All this time, I thought I could maintain these positions, not simply in my head but in the world. But lately, it seems I am not sufficiently Zionist to be a Good Jew, and not sufficiently radical to be a Good Progressive. I thought I was both, but in a one-eyed world, the two-eyed are freaks.

The terms of membership have changed. I have long thought Palestinians should be free from the river to the sea. I have long believed Jews should enjoy the exact same freedom. Apparently, one is now forbidden to hold both thoughts simultaneously. I am quite sure I have not moved from my long-held positions, yet the ground on which I once stood has disappeared, and for months I have been falling.

It’s not simply that we are told we have to pick a side, which is foolish enough.
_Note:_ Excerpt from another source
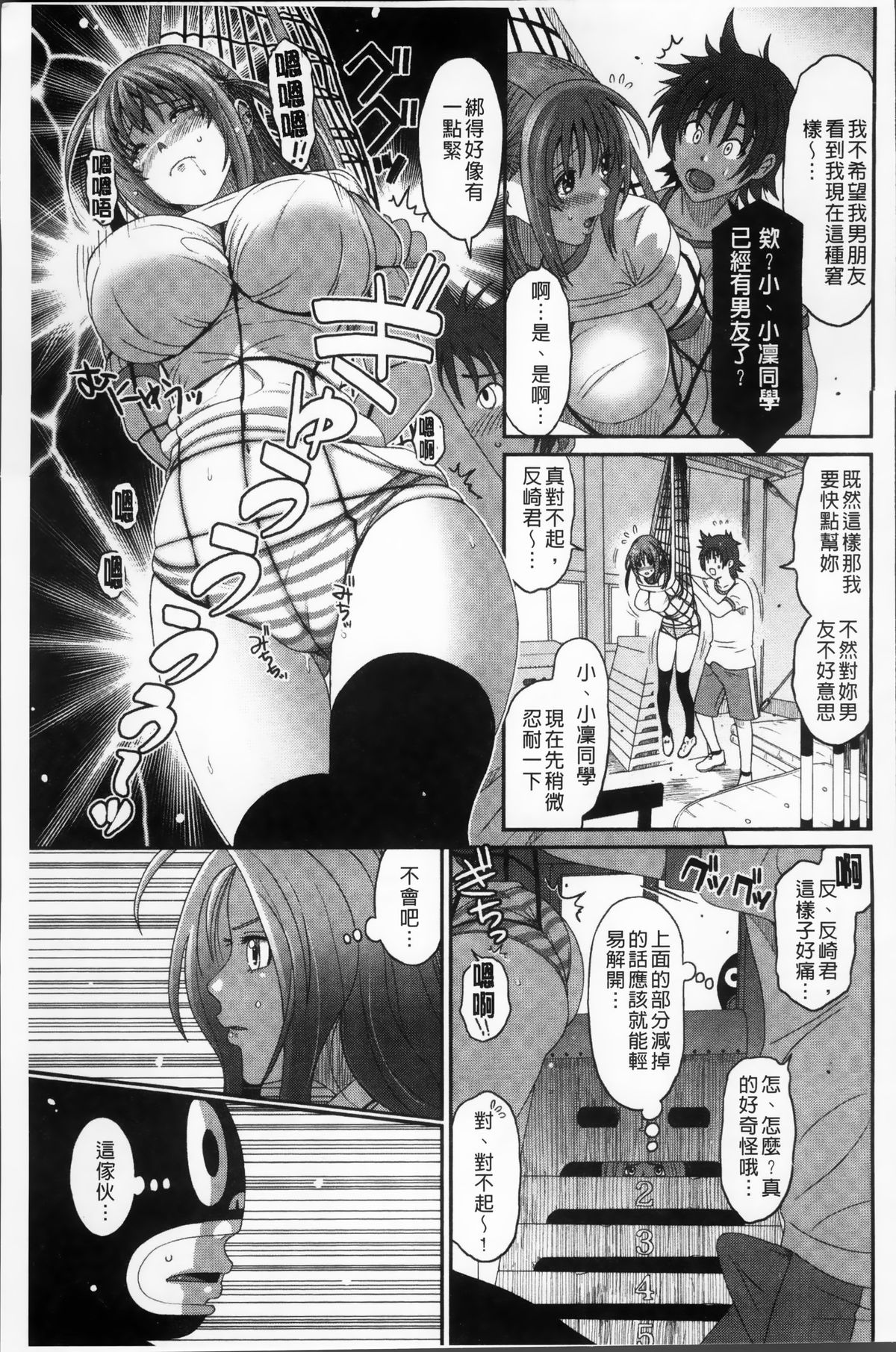 [椋蔵] ラブトライクEZR [中国翻訳]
It’s that my side is no longer represented. In the din, I’m starting to wonder if it ever was. So, at the risk of making myself even more of an outcast, here is what I believe: More important than Israel or Palestine; far more important than Palestinian or Jew; and infinitely more important than “mine” and “yours” is the shared right to thrive, the right to be treated with dignity and respect.

These are universal and non-negotiable rights, equal for all people and equally urgent in all circumstances and under all conditions. As a Jew, I insist that Israel has no meaning if its success commands that Palestinians be denied the right to thrive; as a progressive, I insist that Palestine deserves no future if its success commands that Jews be denied the same right. And as a human being, I insist that if your position commands the displacement of an entire people, then it deserves to fail.

In today’s Manichean madness, asking people to accept my view is like inviting them to picture a dog with antlers. They think my position is some kind of naïve centrism, but it is nothing of the kind. I am confident I am farther to the left than most of those who now shout themselves hoarse in the public square.

But I do not occupy a place on their field. I am not between them; I am not above or below them. I am elsewhere entirely, on a different plane. I have only one champion and one vision. It is not a vision of a triumphant Palestine or victorious Israel. It is a vision of equal dignity and respect, which I sum to the right to thrive—a right that transcends borders and history, speaks every language, honors all religions and celebrates all creeds.

To me, Gaza is merely the latest site in an endless struggle. But the struggle is only incidentally between Palestine and Israel. Cruelty in the West Bank is no more intrinsically important than cruelty in Western Sahara. Apartheid was no more important in South Africa than it was in South Carolina. Torture is equally squalid when practiced by the CIA as by Israeli security forces; by the British in Northern Ireland as by the Russians in Ukraine. And there is no set of conditions that makes genocide more or less obscene.

When I state my position, people tell me I do not understand. Today’s contest is not like the others, they say. It is somehow more. More urgent. More just. More desperate. It throws its roots deeper into history, deeper into human suffering, deeper into victimhood. But that’s what everyone always says.

And when I fear that people are getting lost in their imagined differences, I remind them that the blood of every child looks the same when it pours onto the ground.